### GOAL OF THE EXERCISE
Once the pictures are set aside, reproduce all of the records exactly.

### MATERIALS PROVIDED
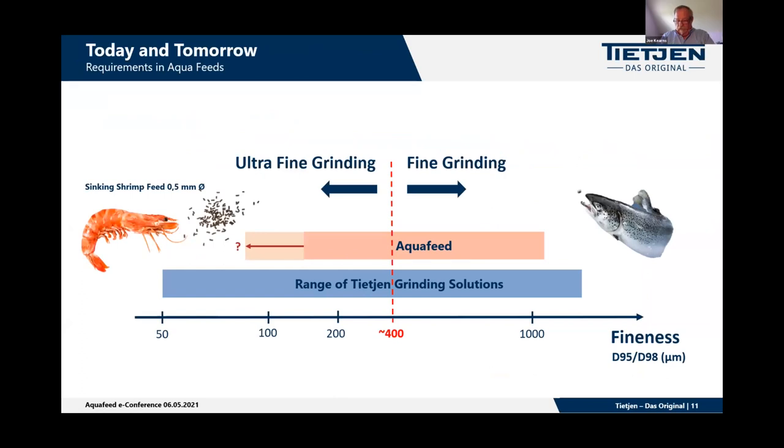Looking at the chart, the horizontal axis shows fineness defined as D95 and D98 — the top cut of the particle size distribution. The red area shows requirements for aquafeed. Nowadays the trend is going more and more toward the fine area. For fine grinding in aquatic feeds, we are talking about 180 to 250 microns, and the trend goes even further below 100 microns. At TGEN, we can provide the entire range of grinding solutions to provide the right equipment.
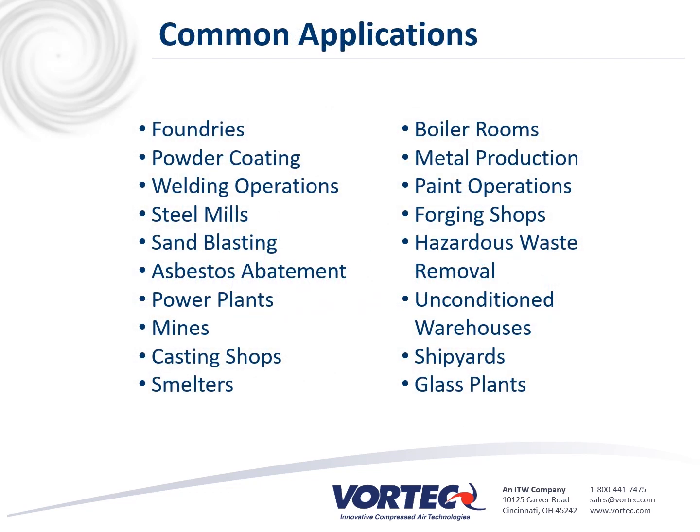Some of the common applications for the Vortech cooling vest consist of foundries, powder coating, welding operations, steel mills, sandblasting, asbestos abatement, power plants, mines, casting shops, smelters, boiler rooms, metal production, paint operations, forging shops, hazardous waste removal, unconditioned warehouses, shipyards, and glass plants.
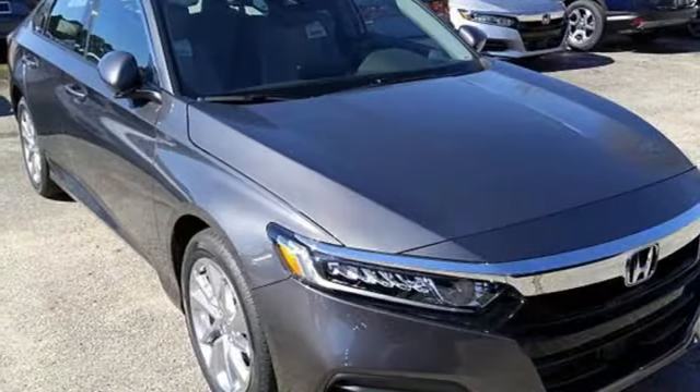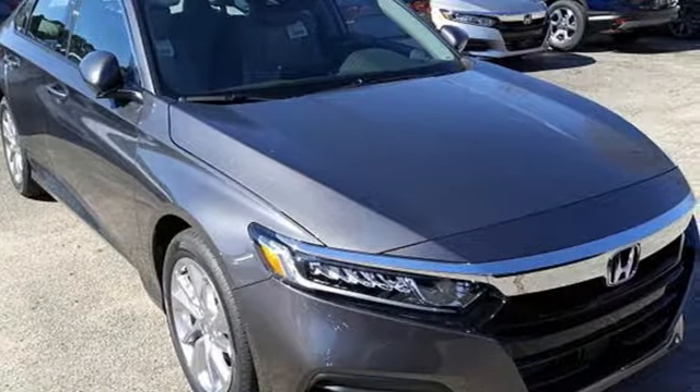Honda's created some of the most admired vehicles on the planet. Take it for a test drive today.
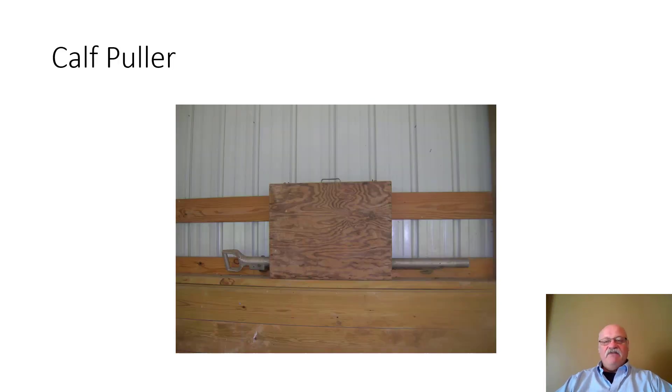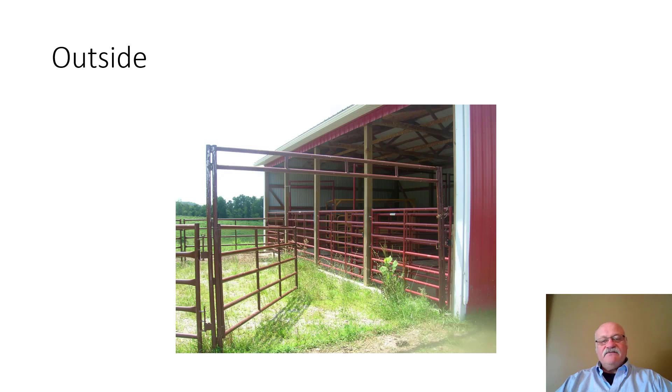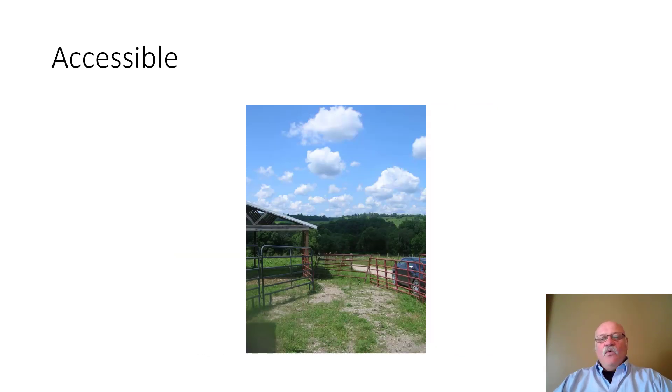You'll want your calving equipment ready to go in the calving facility. Here's the entrance area. One of the wish list advantages is easy accessibility — this facility is located very near a good farm road.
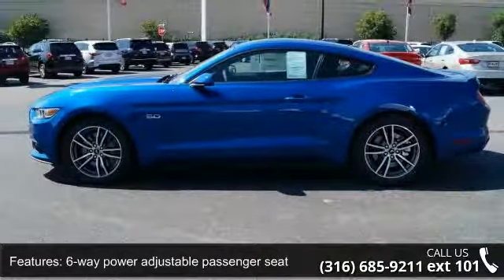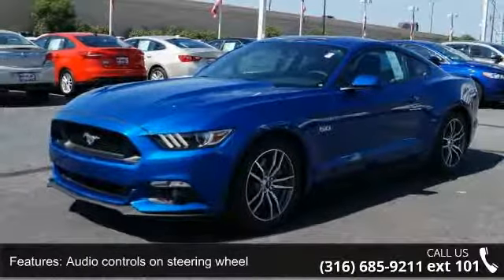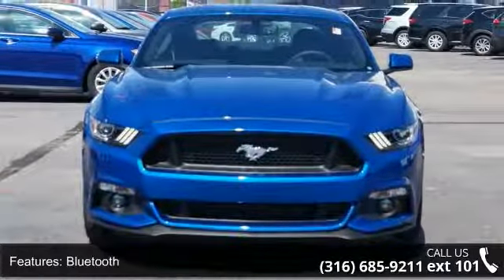Low mileage is an important factor in your purchase, and this vehicle delivers a low odometer reading. This car won't be available much longer. Call now to schedule a test drive at our dealership.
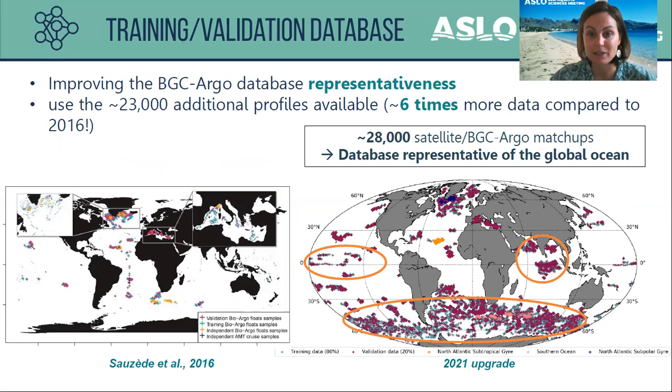We also improved the BGC-Argo database representativeness for SOCA training, using 23,000 additional profiles — now six times more data compared to 2016. The new geographical distribution of training profiles now covers previously underrepresented areas such as the equatorial waters, the Indian Ocean, and the Southern Ocean, making our method applicable at a global scale with about 30,000 satellite–BGC-Argo matchups.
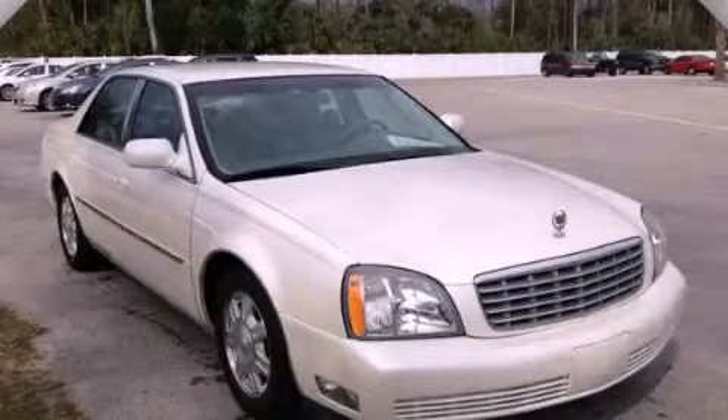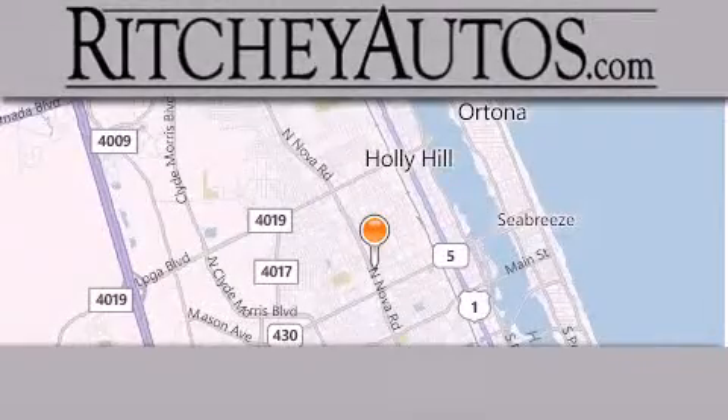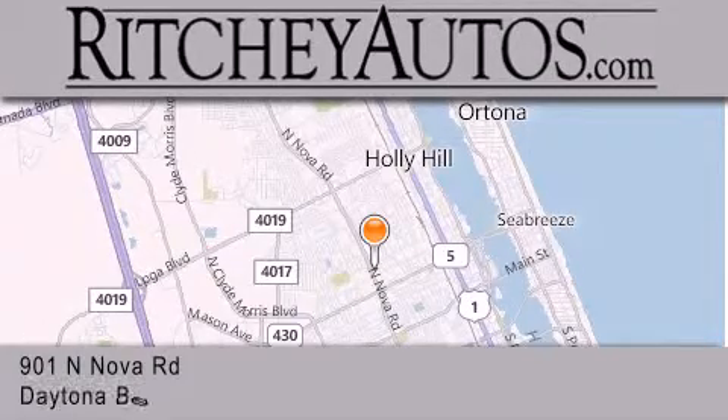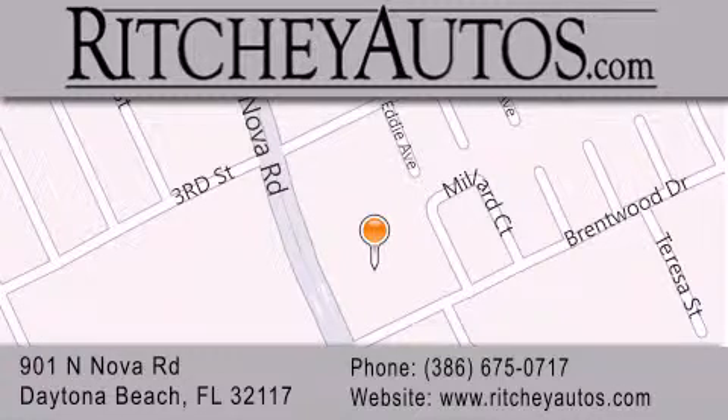We invite you to contact us today to learn more about this vehicle. Ritchie Cadillac Pontiac Buick is located at 901 North Nova Road in Daytona Beach. Our goal is to exceed all of your expectations to ensure that you'll return for future visits.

### SOLUTION TO THE PROBLEM
Looking at the chart, the horizontal axis shows fineness defined as D95 and D98 — the top cut of the particle size distribution. The red area shows requirements for aquafeed. Nowadays the trend is going more and more toward the fine area. For fine grinding in aquatic feeds, we are talking about 180 to 250 microns, and the trend goes even further below 100 microns. At TGEN, we can provide the entire range of grinding solutions to provide the right equipment.
Some of the common applications for the Vortech cooling vest consist of foundries, powder coating, welding operations, steel mills, sandblasting, asbestos abatement, power plants, mines, casting shops, smelters, boiler rooms, metal production, paint operations, forging shops, hazardous waste removal, unconditioned warehouses, shipyards, and glass plants.
Honda's created some of the most admired vehicles on the planet. Take it for a test drive today.
You'll want your calving equipment ready to go in the calving facility. Here's the entrance area. One of the wish list advantages is easy accessibility — this facility is located very near a good farm road.
Low mileage is an important factor in your purchase, and this vehicle delivers a low odometer reading. This car won't be available much longer. Call now to schedule a test drive at our dealership.
We also improved the BGC-Argo database representativeness for SOCA training, using 23,000 additional profiles — now six times more data compared to 2016. The new geographical distribution of training profiles now covers previously underrepresented areas such as the equatorial waters, the Indian Ocean, and the Southern Ocean, making our method applicable at a global scale with about 30,000 satellite–BGC-Argo matchups.
We invite you to contact us today to learn more about this vehicle. Ritchie Cadillac Pontiac Buick is located at 901 North Nova Road in Daytona Beach. Our goal is to exceed all of your expectations to ensure that you'll return for future visits.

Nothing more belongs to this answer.